Segundo Hilton, para percorrer São Paulo como puxadora de votos é necessária logística e segurança, e o grupo enfrenta riscos que a estrutura partidária não pode ignorar. Ela afirma que isso pode reduzir candidaturas e ameaçar a integridade física dos integrantes.
Em março, o grupo de Hilton optou por disputar as eleições pelo PSOL, mesmo com o partido sem ingressar na federação PT-PCdoB-PV. A decisão contrasta com a posição do diretório nacional, que defendia a federação.
Reação interna e critérios de financiamento
Hilton questiona os critérios usados para o financiamento e aponta que outros parlamentares com menos tempo de mandato recebem recursos diferentes.
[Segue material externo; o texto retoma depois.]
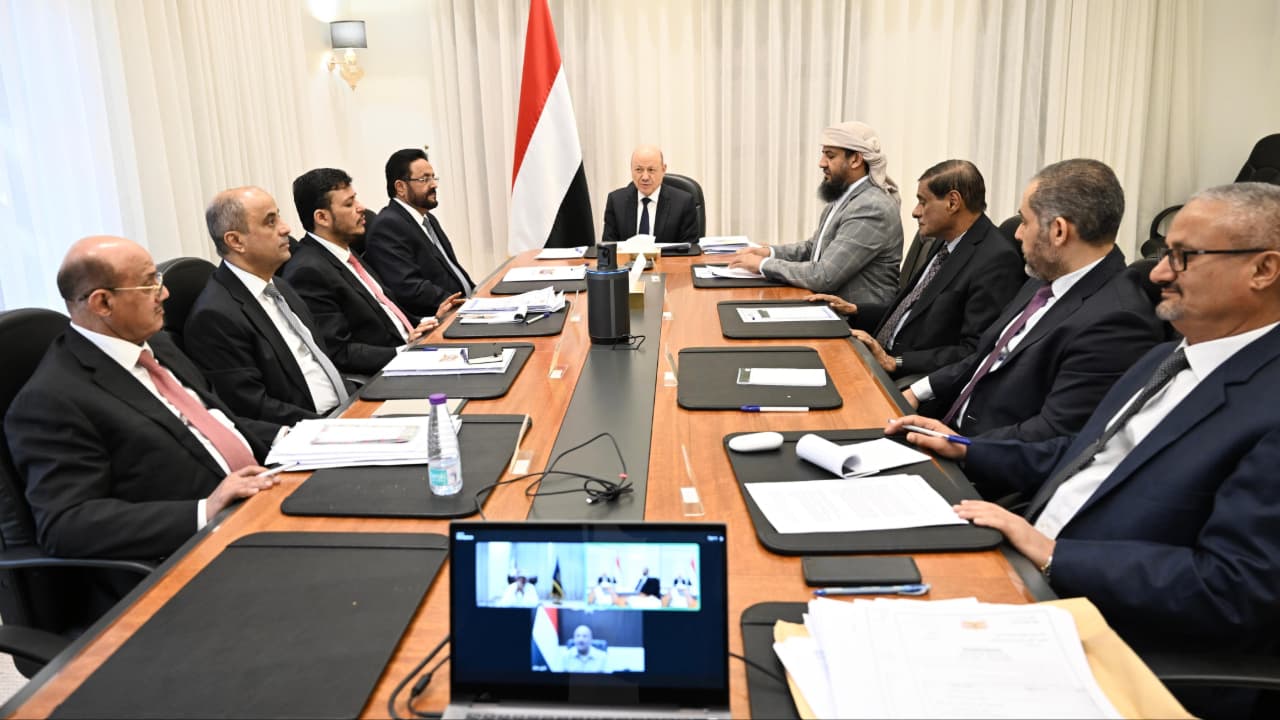 المجلس الرئاسي يبحث الأزمة التمويلية ويحذر الحوثيين من الانتهاكات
Ela cita deputados estaduais e a pré-candidata Manuela d’Ávila como exemplos de tratamento considerado desigual.
A deputada estadual Renata Souza e o deputado Rick Azevedo, citados por Hilton, se manifestaram nas redes, indicando divergência interna sobre prioridade de gênero, raça e critérios de inclusão no repasse do fundo eleitoral.
Resposta da direção do PSOL
A direção nacional do PSOL afirmou que a campanha de Hilton recebe o maior investimento entre candidaturas proporcionais do partido e que a distribuição de recursos está alinhada aos objetivos de ampliar a participação de mulheres, pessoas negras, indígenas, LGBTs e pessoas com deficiência.
A nota do PSOL sustenta que a política de inclusão é consolidada e não passa por mudanças. Hilton, por sua vez, critica a condução da atual presidente nacional, Paula Coradi, e afirma que a política de inclusão teria sido desmontada.